Rifiuti ritorna la tensione Acerra, bruciano tremila ecoballe
Incendio doloso nell'area di stoccaggio. La pista: tensioni legate ai lavoratori Cub. Sono oltre 850, attendono sei mesi di paga - da La Repubblica del 20.08.2012
21 August, 2012
di Conchita Sannino
L'incendio è tornato, in tutti i sensi. Per la terza volta. E molti temono, da Acerra agli uffici di Napoli, che difficilmente sarà l'ultima.

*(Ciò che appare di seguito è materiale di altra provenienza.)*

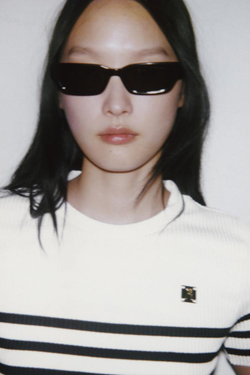 ZARA ПОЛОСАТАЯ ФУТБОЛКА С БРОШЬЮ, ПОЛОСКИ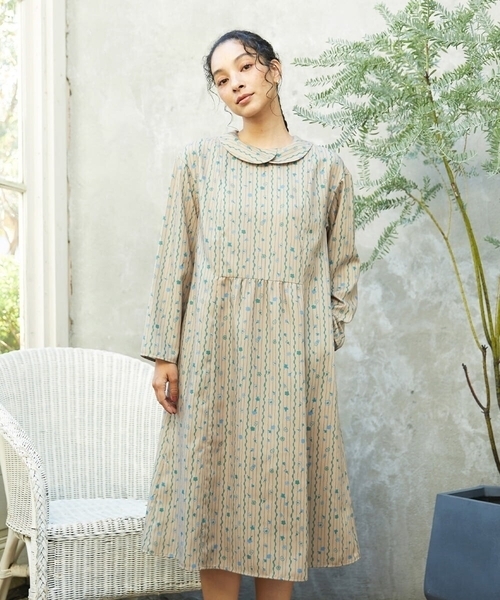 Escala de floral プリントワンピース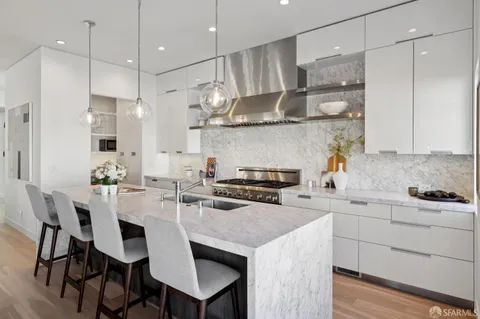 $2,895,000 | 2269 Francisco Street, San Francisco, CA 94123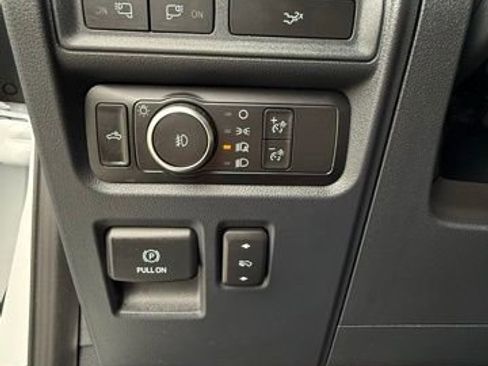 Used 2022 Ford F150 XLT w/ Equipment Group 302A High image 37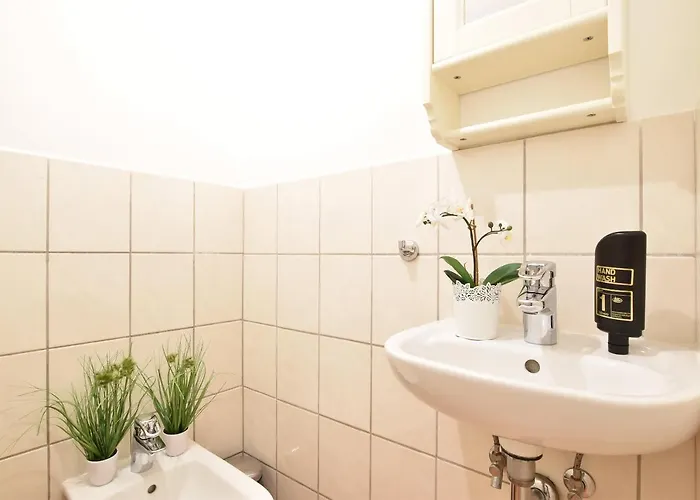 Huge In Awesome Location With Parking * Innsbruck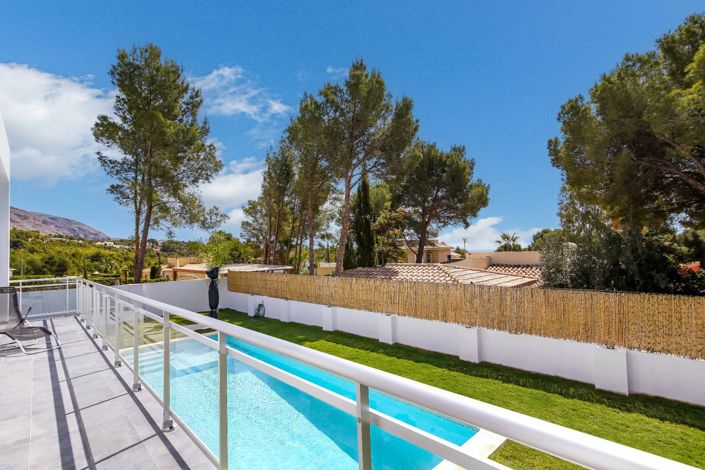 Image No.24-4 Bed Villa for sale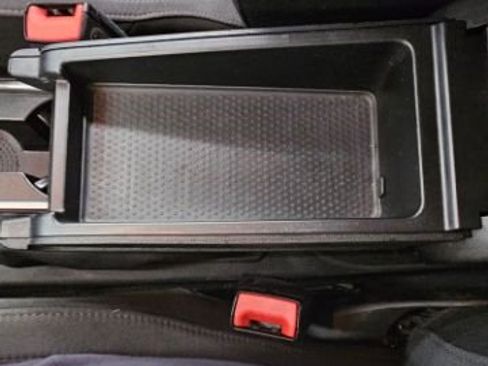 Used 2016 Volkswagen Beetle R-Line SE image 21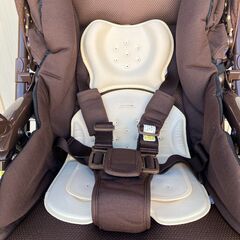 Aprica A型ベビーカー ラウラクワトロ（BR）フットマフ付の画像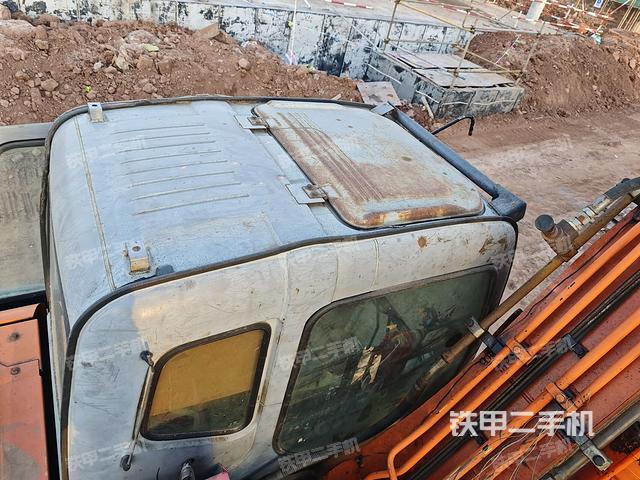 駕駛室頂部(整機(jī)外觀) 駕駛室頂部(整機(jī)外觀)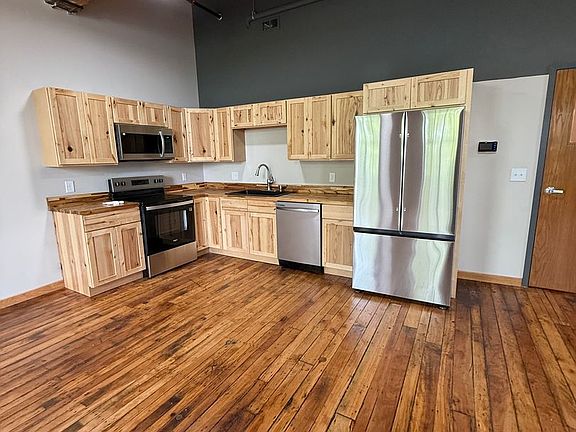 2nd image of 70 Webster St #304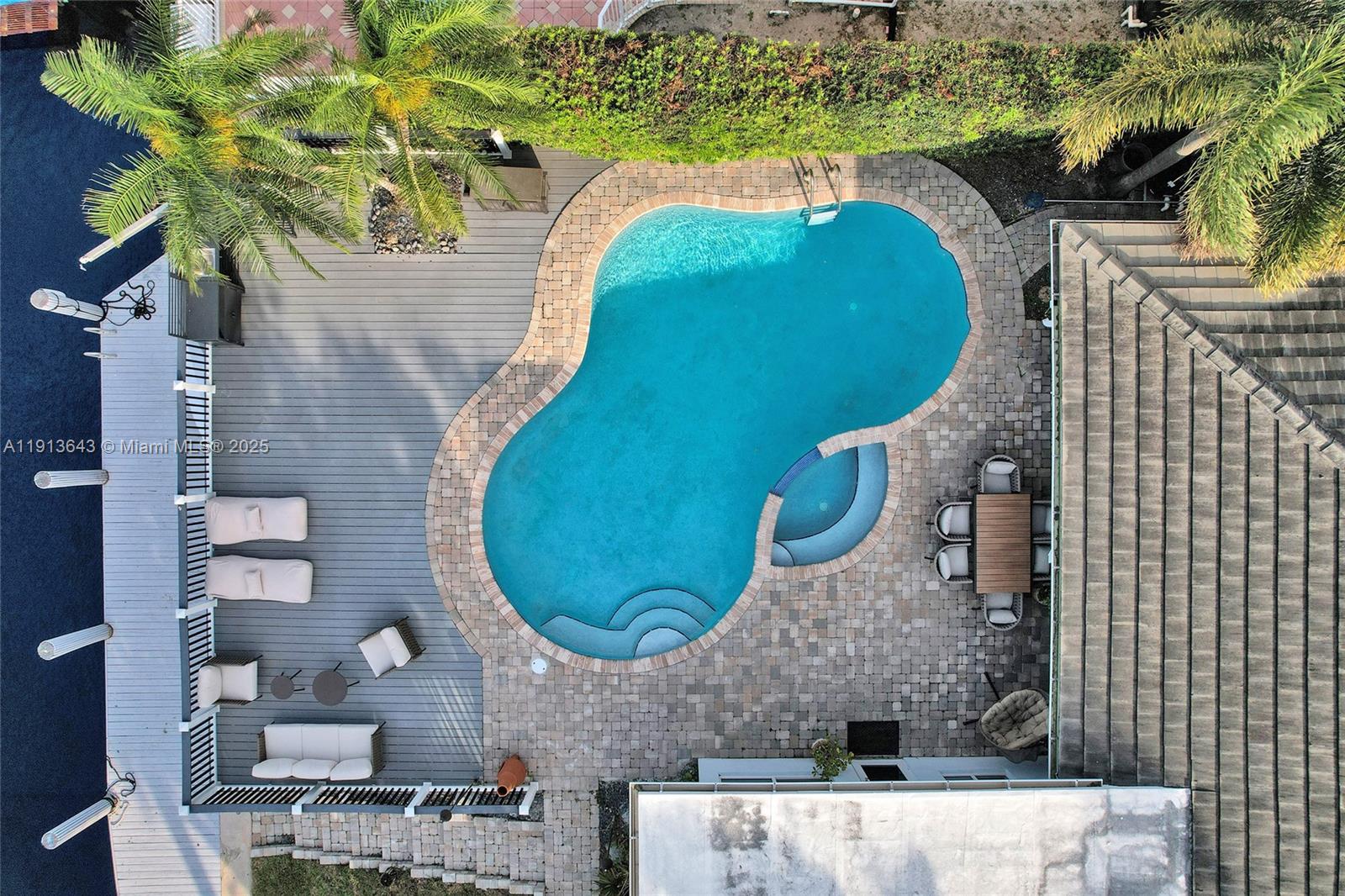 2661 NE 22nd Ct Pompano Beach, FL 33062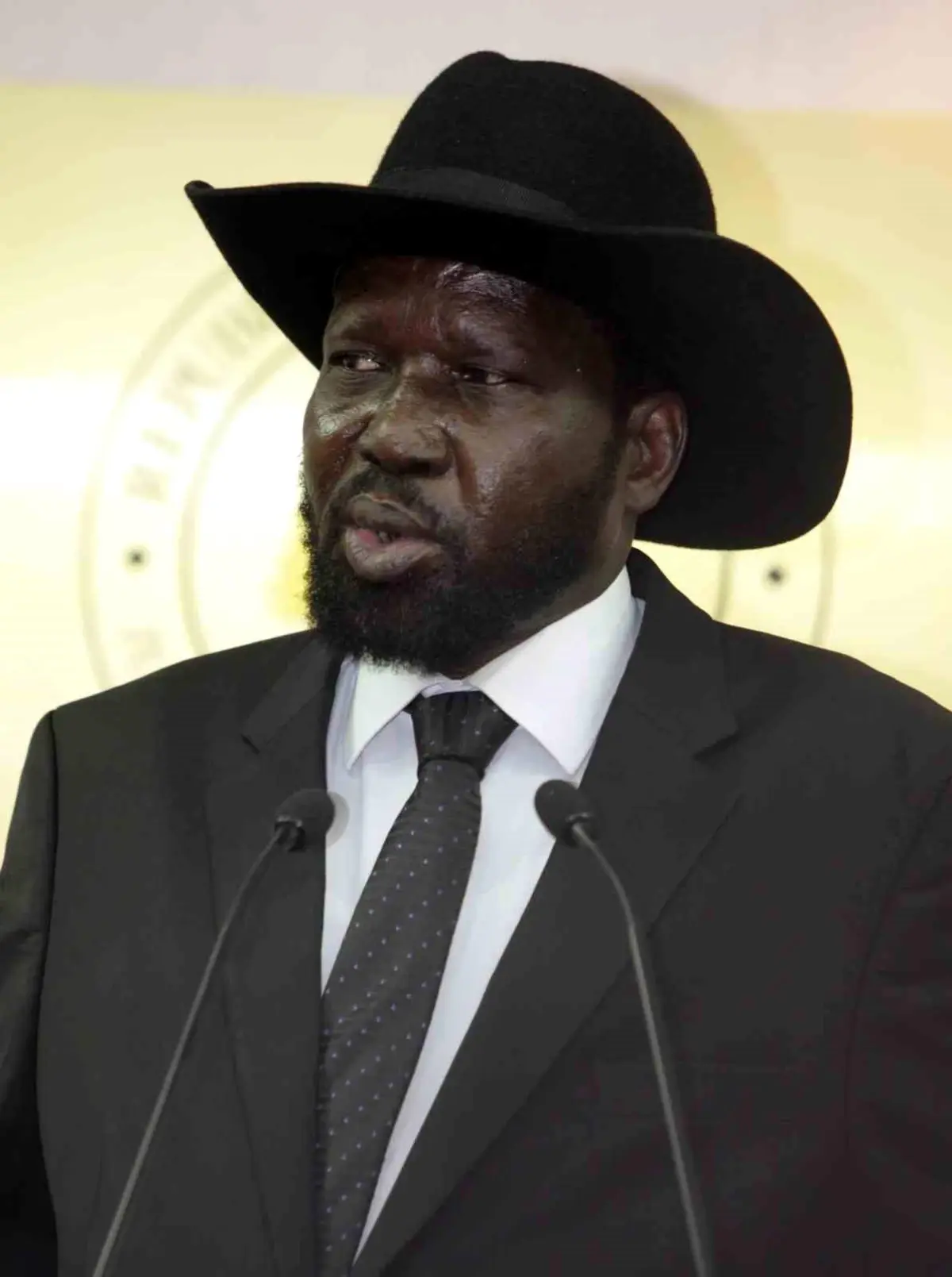 guney sudanda maliye bakanligi 8 kez el degistirdi CFALElkx.jpg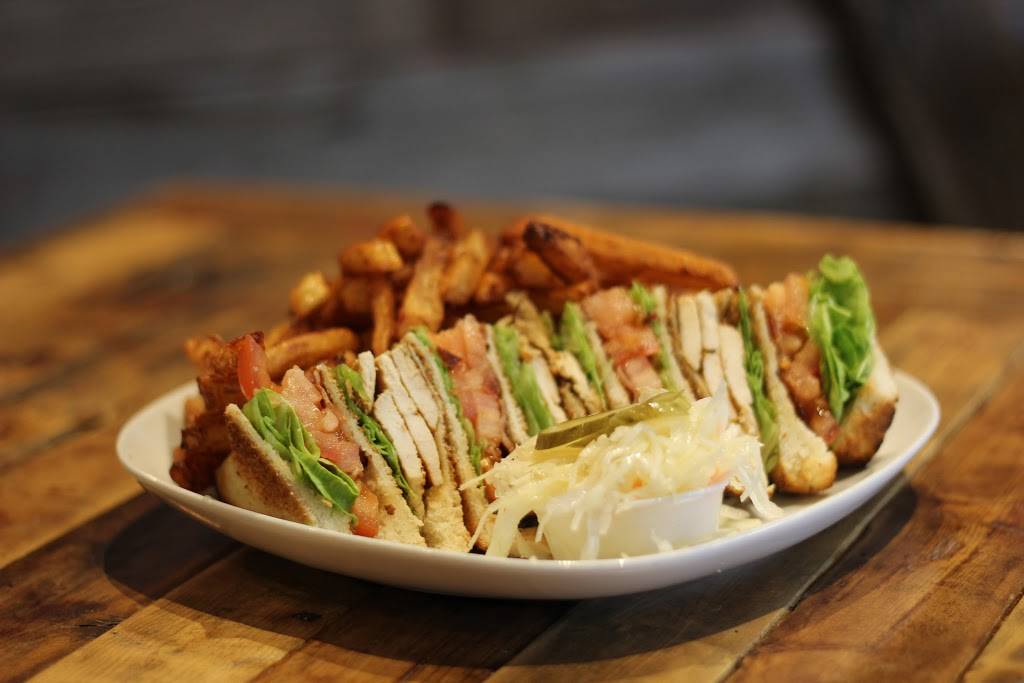 Le Poutine Bar | restaurant | 4750 Boulevard Sainte-Rose, Laval, QC H7R 5S6, Canada | 4503144343 OR +1 450-314-4343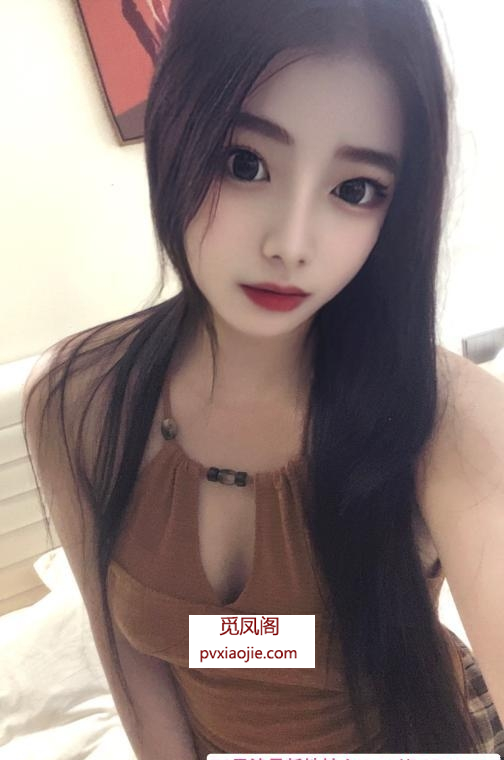大胸肥臀妹子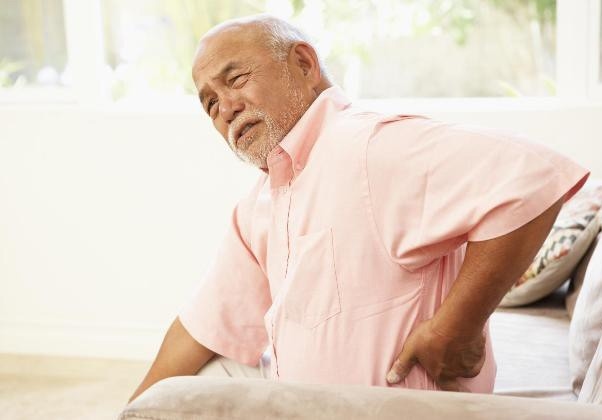 Đau thắt lưng ở người bệnh cao tuổi nguyên nhân
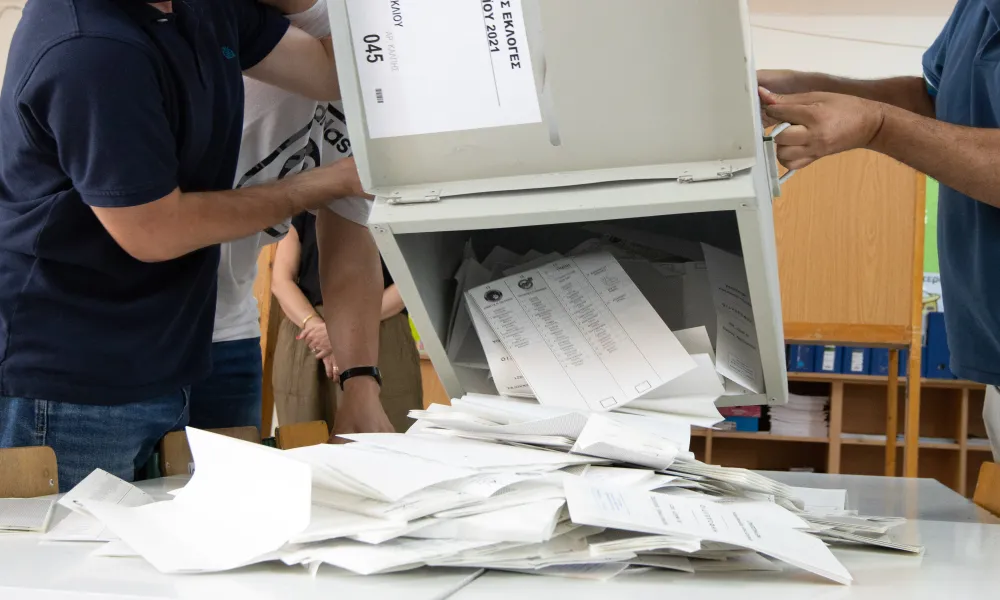 Exit Polls: Πού συγκλίνουν και πού διαφέρουν οι μετρήσεις των καναλιών (φώτο)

Il fuoco delle tensioni sociali ha lasciato solo che passasse la pausa di Ferragosto. Poi è tornato a puntare sugli obiettivi più in vista, quelli di sempre: il grande "forno" di Acerra, l'impianto che ingoia circa 2 mila tonnellate al giorno di rifiuti, e le montagne (molto vagamente) ecologiche di balle usate come combustibile, in mezzo al deserto di capannoni e piazzole di un'ex area industriale. Acerra è simbolo, ad un tempo, dei conti da saldare con vecchie promesse legate ai rifiuti, con le aspettative di lavoratori che nessuno sa dove sistemare. E di una macchina dell'emergenza che non si è mai davvero interrotta. Erano già avvenuti due incendi in quello stesso sito di stoccaggio: tre mesi fa, e sette mesi fa. Una volta, quel posto aveva la definizione di impianto Cdr. Poi è diventata una piazzola di parcheggio come tante. Cambiano i nomi, ma i nodi restano inestricabili.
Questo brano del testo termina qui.